REQUIREMENT ::
Take the data below and extract the lines from the one with "Speaking of color, the" to the one with "Save 25% off", inclusive, exactly as written.

GIVEN RECORDS ::
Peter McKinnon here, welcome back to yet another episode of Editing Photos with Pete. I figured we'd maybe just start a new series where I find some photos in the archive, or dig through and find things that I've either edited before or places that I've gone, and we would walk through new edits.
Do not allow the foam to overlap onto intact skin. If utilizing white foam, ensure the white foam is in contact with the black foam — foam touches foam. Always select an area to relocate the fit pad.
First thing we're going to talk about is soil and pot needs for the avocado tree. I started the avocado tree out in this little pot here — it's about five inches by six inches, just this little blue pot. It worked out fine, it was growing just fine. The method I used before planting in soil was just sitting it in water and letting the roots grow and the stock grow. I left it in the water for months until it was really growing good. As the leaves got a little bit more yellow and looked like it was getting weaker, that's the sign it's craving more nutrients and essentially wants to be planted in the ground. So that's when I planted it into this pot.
...
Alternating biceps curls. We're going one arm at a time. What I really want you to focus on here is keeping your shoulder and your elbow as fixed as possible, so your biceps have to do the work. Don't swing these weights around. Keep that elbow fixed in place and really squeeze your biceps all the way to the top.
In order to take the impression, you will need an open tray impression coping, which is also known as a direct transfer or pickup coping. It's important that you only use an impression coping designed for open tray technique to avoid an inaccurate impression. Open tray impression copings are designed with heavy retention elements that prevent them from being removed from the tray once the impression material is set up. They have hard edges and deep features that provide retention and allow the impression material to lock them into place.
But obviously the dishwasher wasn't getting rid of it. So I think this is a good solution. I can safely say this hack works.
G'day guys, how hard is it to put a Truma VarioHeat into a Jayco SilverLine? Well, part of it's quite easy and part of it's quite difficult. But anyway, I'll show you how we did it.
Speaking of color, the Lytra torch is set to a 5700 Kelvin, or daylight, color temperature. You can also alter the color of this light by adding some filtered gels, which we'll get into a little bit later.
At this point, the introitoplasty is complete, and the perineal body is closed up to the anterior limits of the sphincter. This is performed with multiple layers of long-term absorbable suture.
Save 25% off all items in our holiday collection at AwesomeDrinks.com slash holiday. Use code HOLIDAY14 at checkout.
==
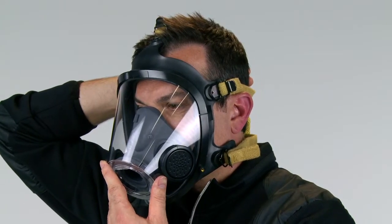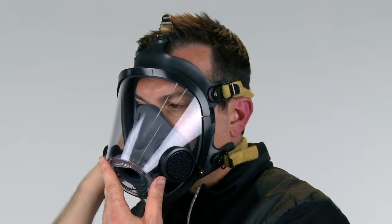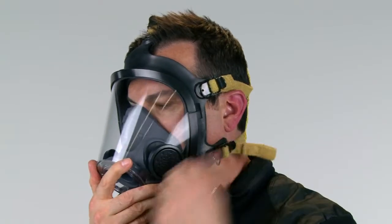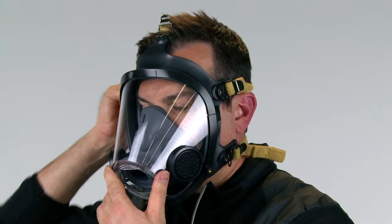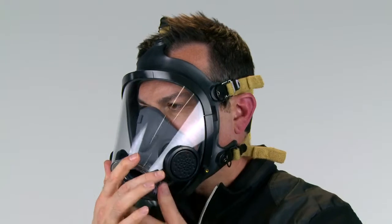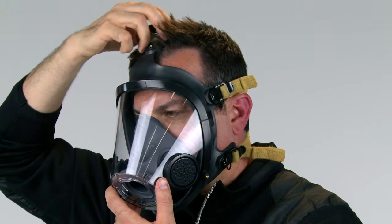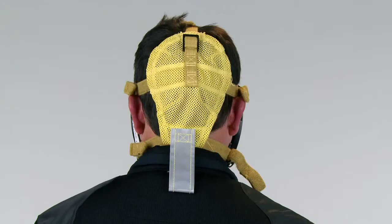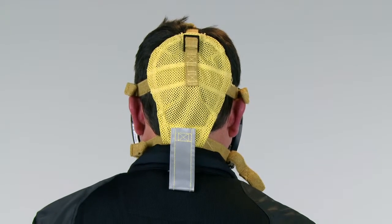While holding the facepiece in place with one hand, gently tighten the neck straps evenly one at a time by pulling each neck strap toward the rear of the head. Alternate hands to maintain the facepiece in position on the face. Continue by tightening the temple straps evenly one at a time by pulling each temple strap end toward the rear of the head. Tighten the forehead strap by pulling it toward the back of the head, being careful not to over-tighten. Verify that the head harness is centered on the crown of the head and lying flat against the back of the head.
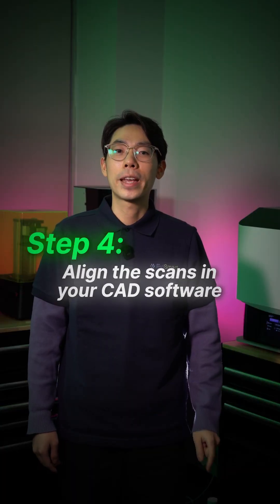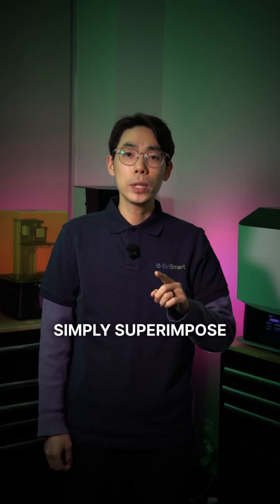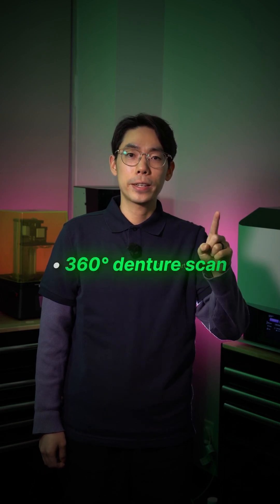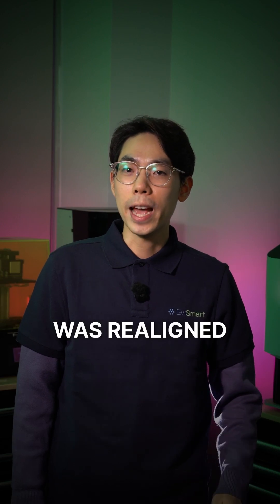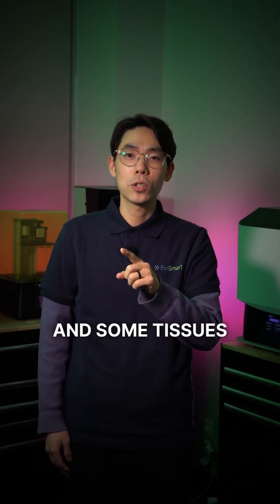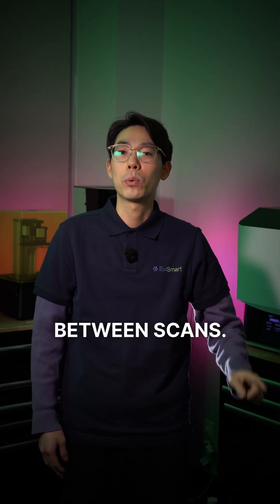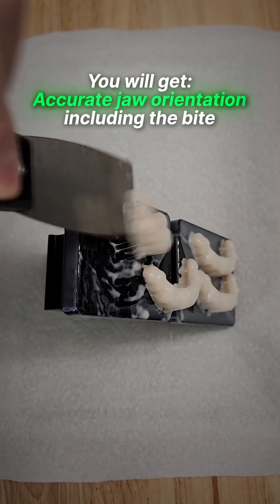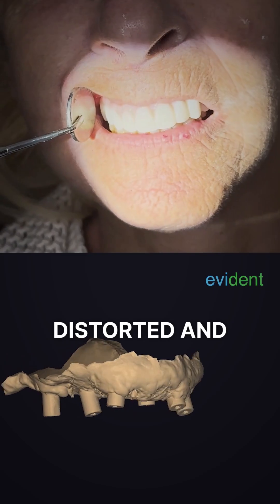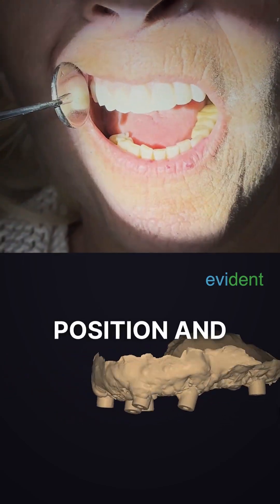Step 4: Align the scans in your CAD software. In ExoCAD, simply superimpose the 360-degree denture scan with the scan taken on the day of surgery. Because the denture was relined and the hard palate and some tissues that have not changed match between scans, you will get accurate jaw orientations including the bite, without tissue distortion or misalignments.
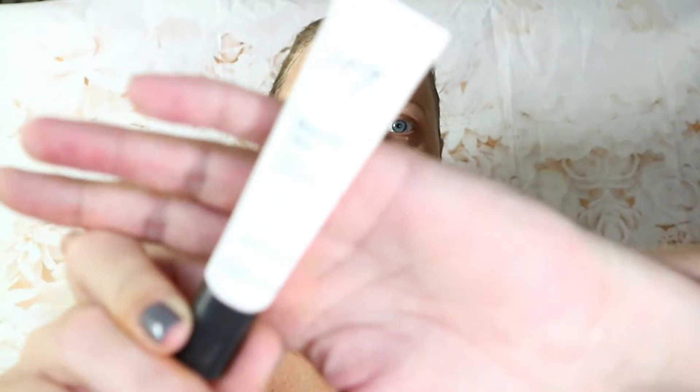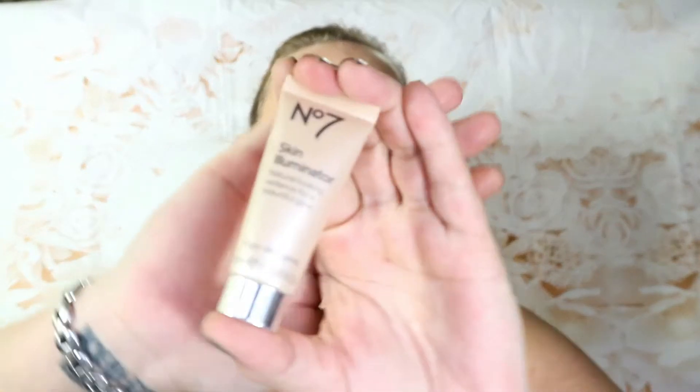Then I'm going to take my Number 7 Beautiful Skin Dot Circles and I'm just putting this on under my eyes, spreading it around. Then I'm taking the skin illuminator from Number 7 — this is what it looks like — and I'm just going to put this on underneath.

SOLVED EXERCISE ::
Speaking of color, the Lytra torch is set to a 5700 Kelvin, or daylight, color temperature. You can also alter the color of this light by adding some filtered gels, which we'll get into a little bit later.
At this point, the introitoplasty is complete, and the perineal body is closed up to the anterior limits of the sphincter. This is performed with multiple layers of long-term absorbable suture.
Save 25% off all items in our holiday collection at AwesomeDrinks.com slash holiday. Use code HOLIDAY14 at checkout.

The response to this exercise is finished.